Before last Sunday’s demonstration in Valletta, Radio 101 and NET news bulletins told us that – surprise, surprise – the Nationalist Party’s MEP candidate Vince Farrugia and Paul Abela of the GRTU were not taking part in the protest. Neither is the Union Ħaddiema Maqghudin. Nor were the employers’ organisations, who never take part in demonstrations anyway. The message is supposed to be that since these decided to sit on the fence, everyone else should do the same. And then, more hype about ‘dawk li se jnizzlu n-nies fit-toroq’. Gosh how nasty of them. Only criminals do that.
We also had the odd editorial or two in The Times telling us how brave and courageous Lawrence Gonzi is and that a simple demonstration is, hear this, “Not in the national interest.” This phrase, having been often used by Dom Mintoff himself, is nowadays only used in Iran, Belorussia, Burma and China to rubbish and silence the totalitarian regimes’ critics.
Then we had the usual tit-for-tat between eternal rivals, the UĦM and GWU, copying as always, the rivalry between PN and PL. The most worrying of all however is the bullying and rubbishing of other unions such as the Malta Union of Teachers and the Malta Union and Midwives and Nurses. The attacks, some of them covert and some of them not so covert on unions who choose to organise and take part in a demonstration is to put it mildly, disgusting. The government and the Nationalist Party, which here in Malta are one and the same, have done their best to ridicule and insult all those who disagree with the way they have neglected the energy sector for years on end.

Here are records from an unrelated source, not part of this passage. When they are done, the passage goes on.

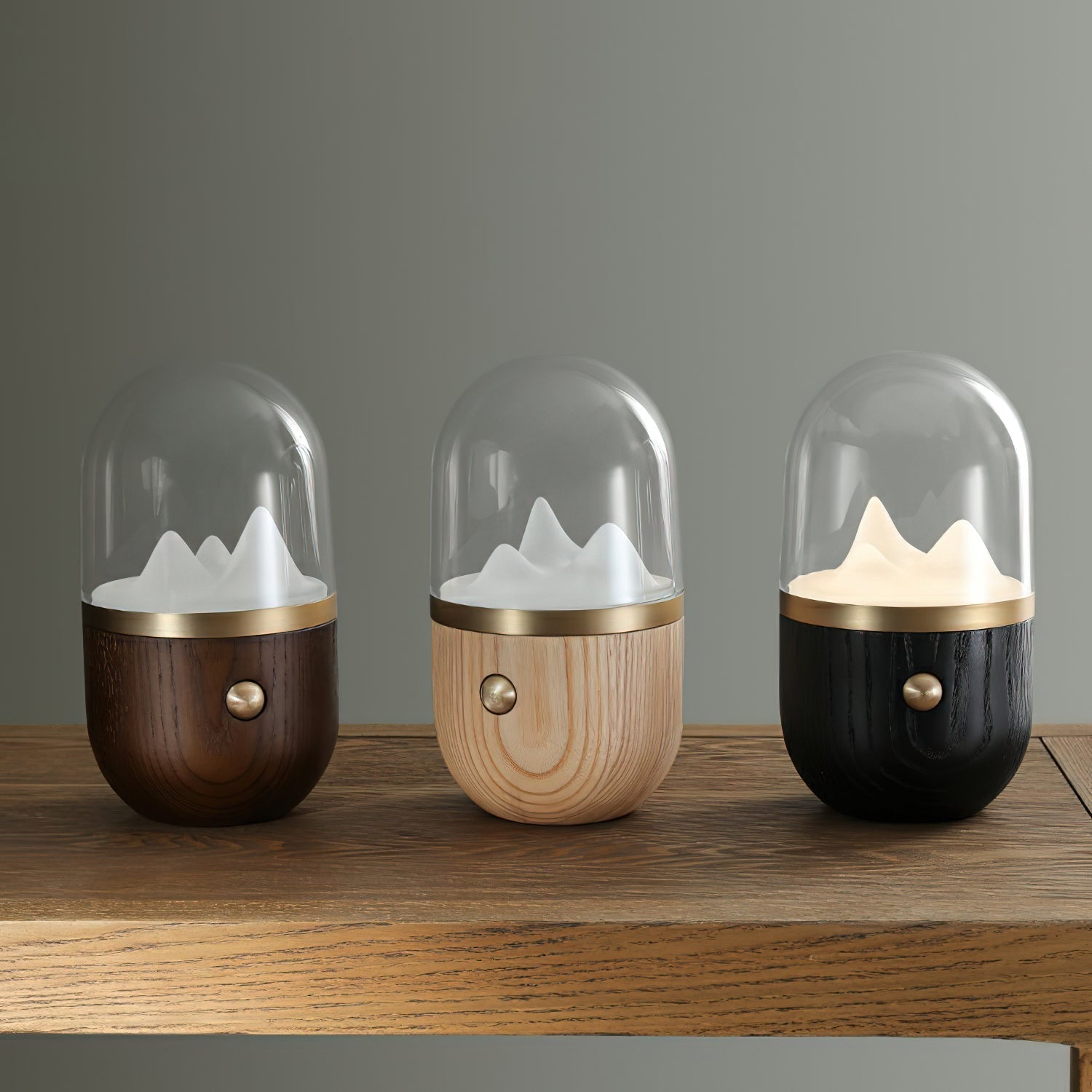 Ridgecrest | Bedside Table Lamp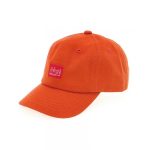 「KIDS TWILL 6P CAP」￥3,630／6色展開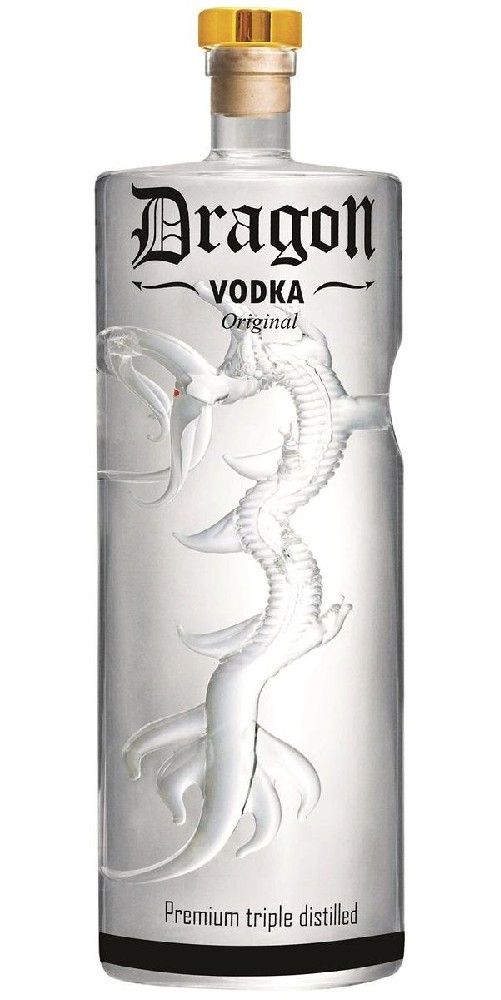 Mauritius Dodo Mauritius Royal Dragon Sugar cane Vodka 0.7l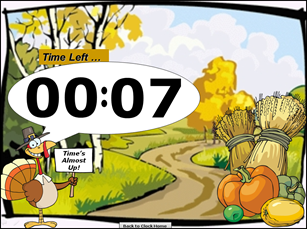 Image of Turkey Timer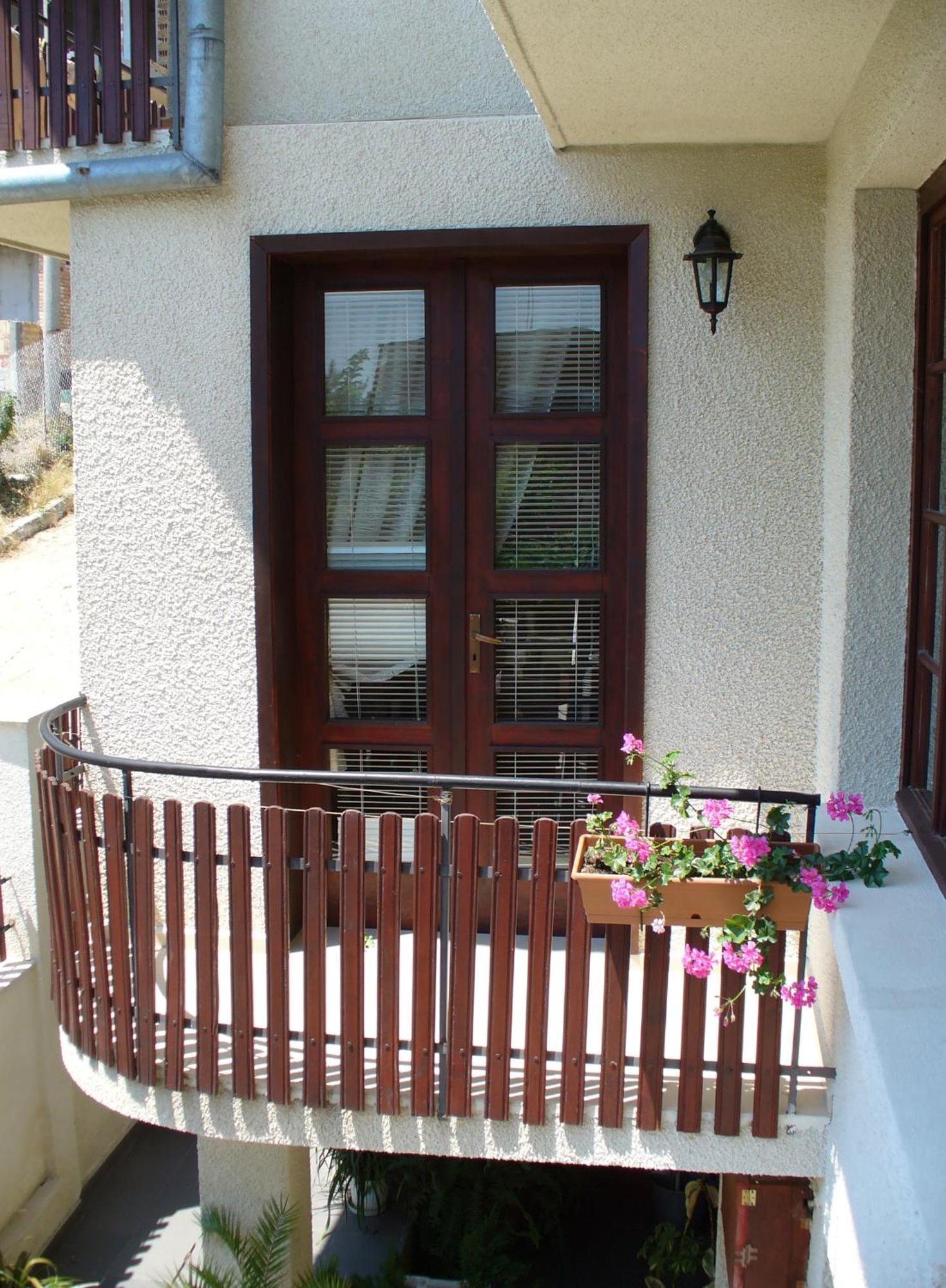 Villa Rosi Sozopol Exteriör bild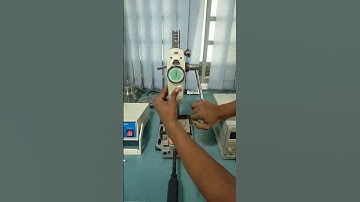 How to test withdrawal force of Electric Socket/Plug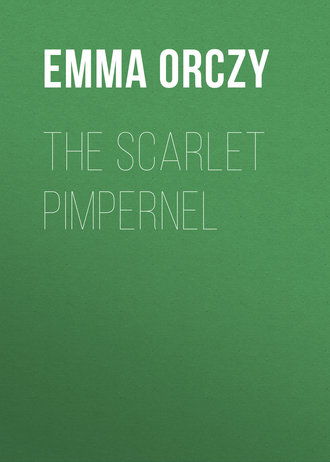 . The Scarlet Pimpernel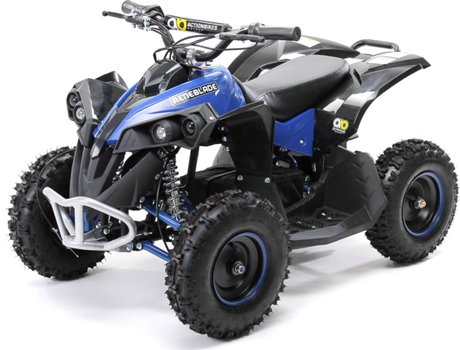 Mini Moto 4 ACTION&BIKES Reneblade (Idade Mínima: 5 - Azul)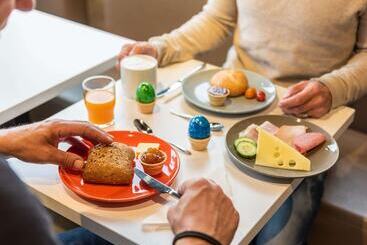 هتل Ibis Budget Wien Sankt Marx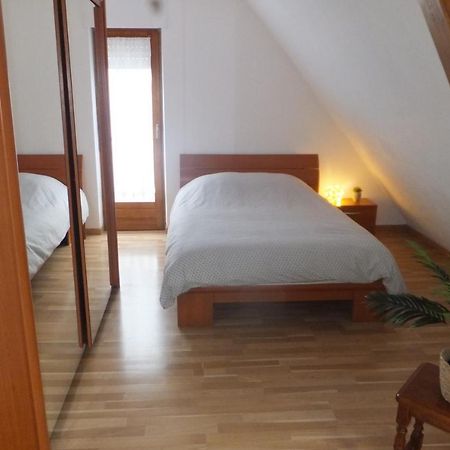 Superbe Appartement En Residence Betschdorf Exteriör bild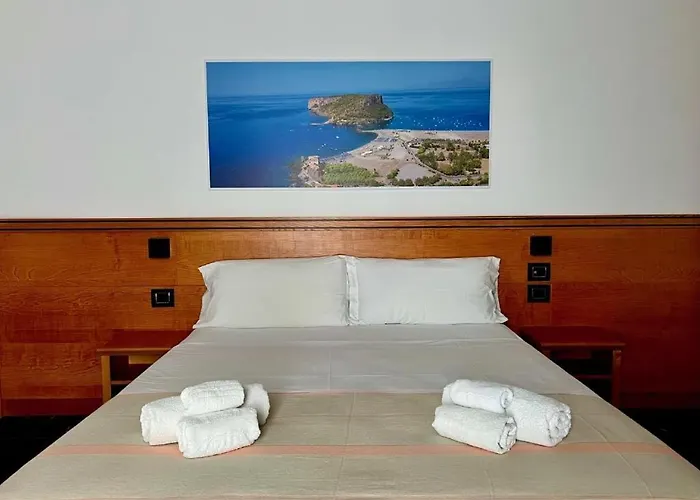 Hotel Tea - A Mare 4*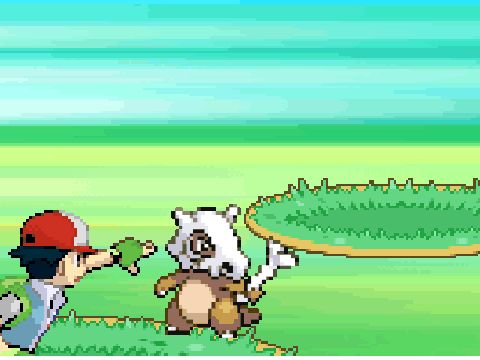 Pokémon battle simulator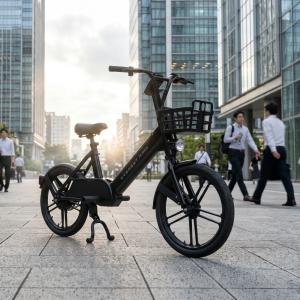 特定小型原付 EVEREST XING CIT...の詳細画像3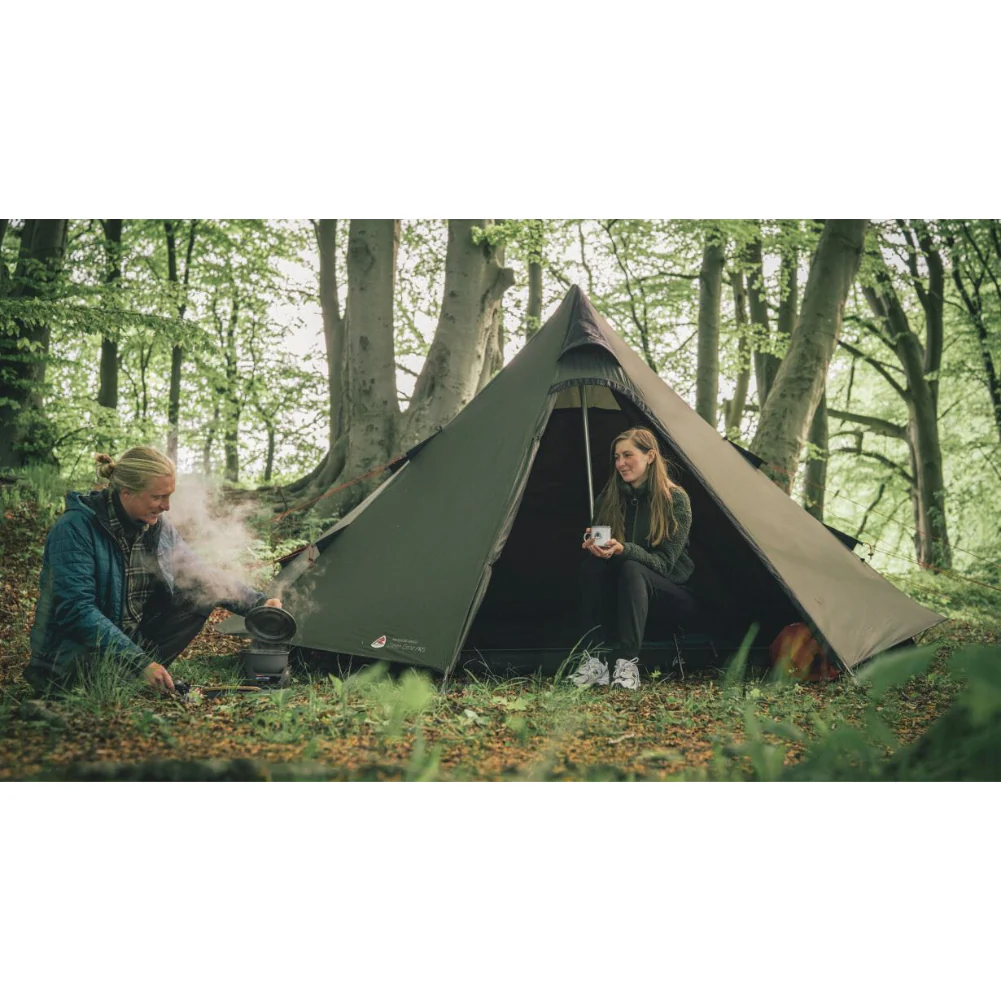 Robens Green Cone PRS Tipi Tent (2022) - Image 13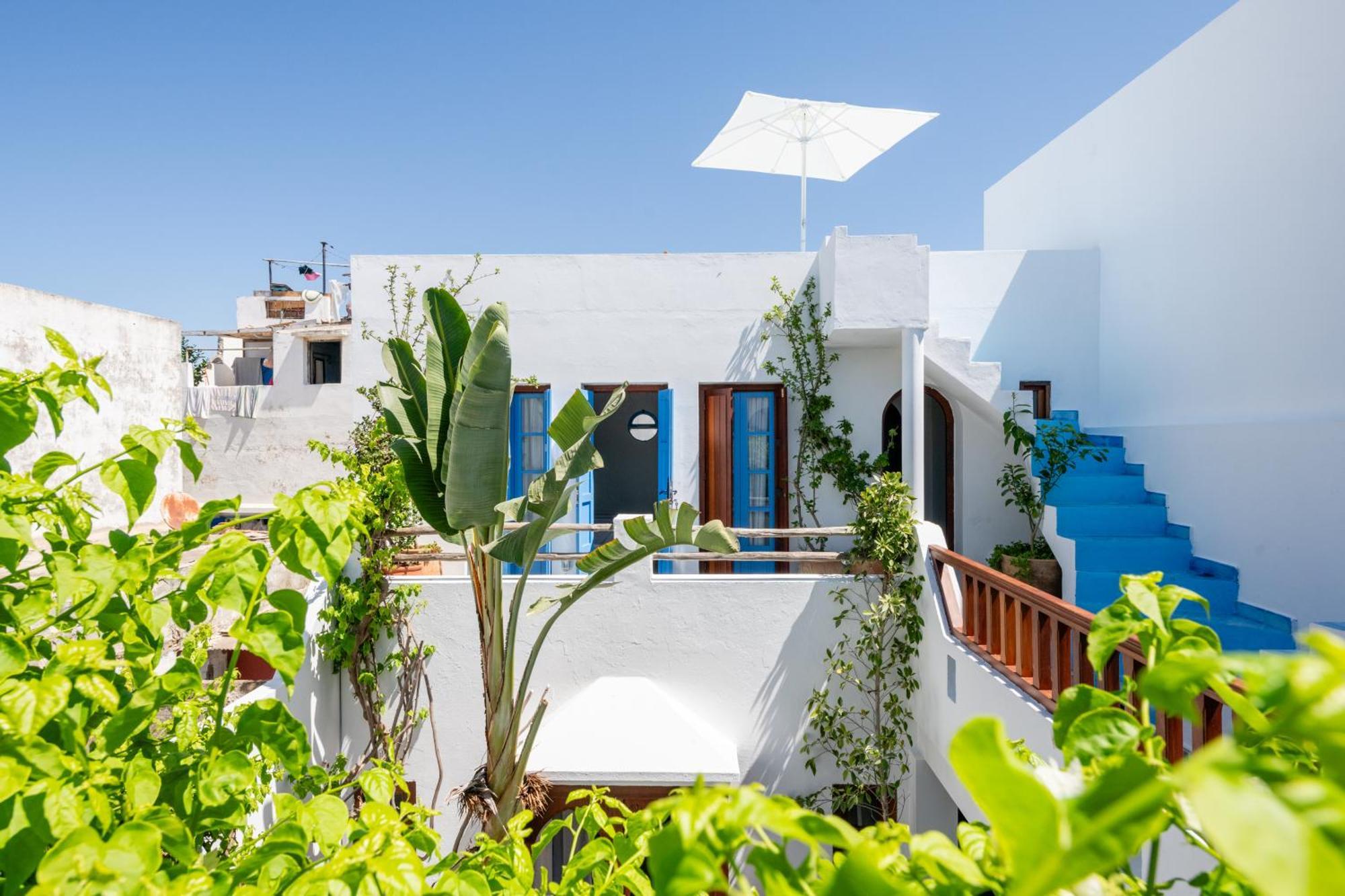 Riad Asilah 32 Exteriér fotografie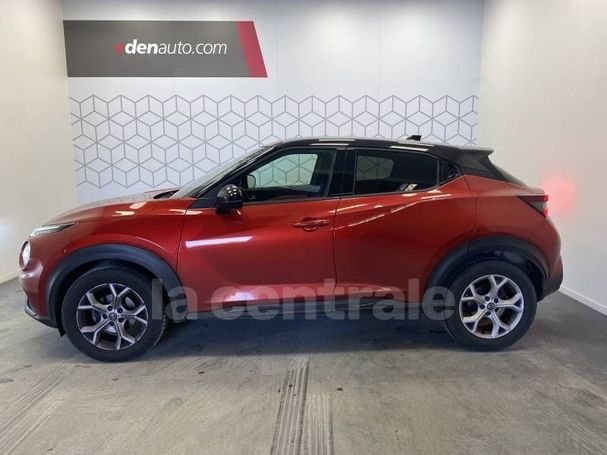 Nissan Juke DIG-T 117 N-Design 86 kW image number 3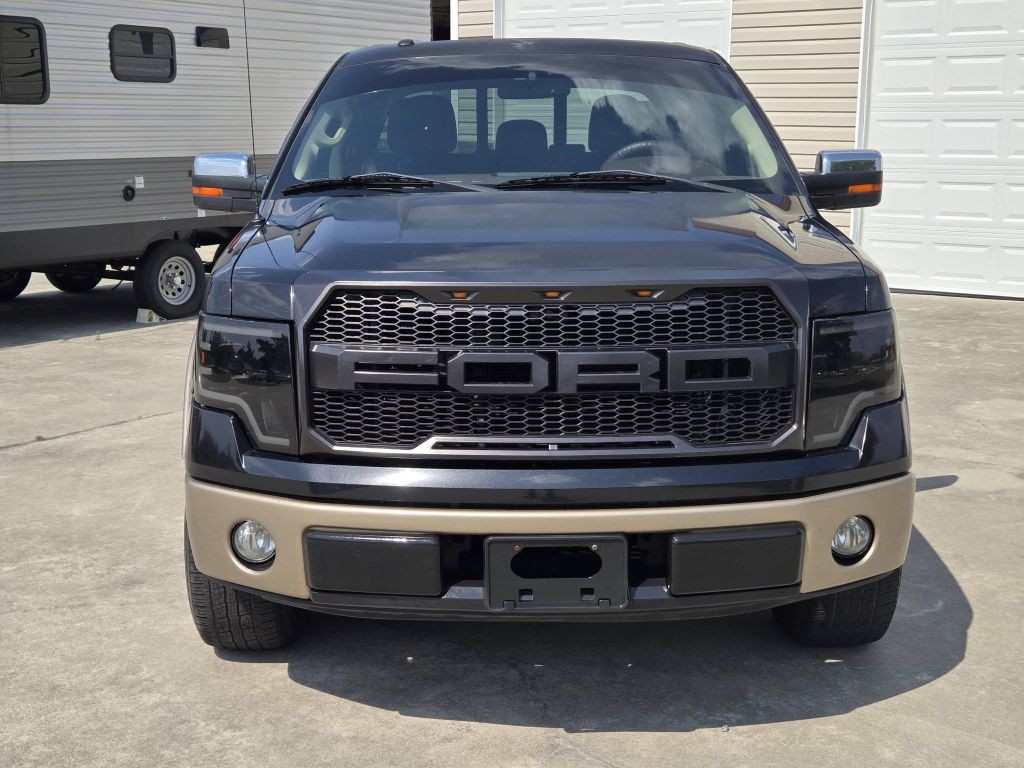 2012 Ford F-150 Image 2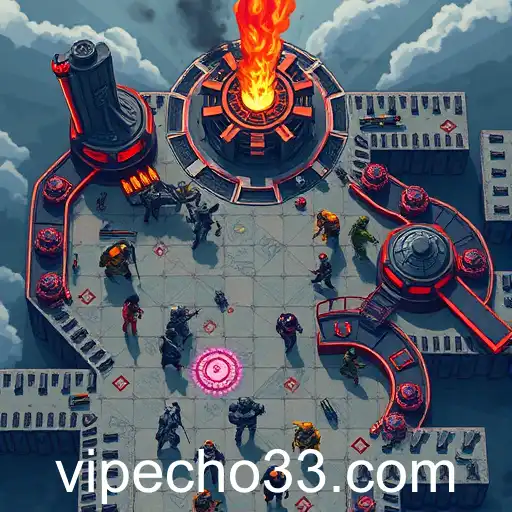 Echo33: Revolutionizing the Strategy Games Landscape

It is crystal clear. Overnight price hikes are a result of the failure of this government to tackle the issue and spread out the costs over the years. Now, with its back against the wall we are being told to pay for the government’s incompetence and negligence overnight. The PN and its usual allies have the cheek to insult people for organising what is just a normal way of people expressing themselves in any normal country. But then, who said we live in a normal country?
Let me take the MUT as an example of why the PN’s schoolyard bullying attacks are unjustified and uncalled for in what is supposed to be a democratic country. This union was never afraid to stand up for what it believed in. Those of us whose parents were or are teachers know of the hardships the union and its members went through when the union had no other alternative but to call a six-week long strike in the 1980s.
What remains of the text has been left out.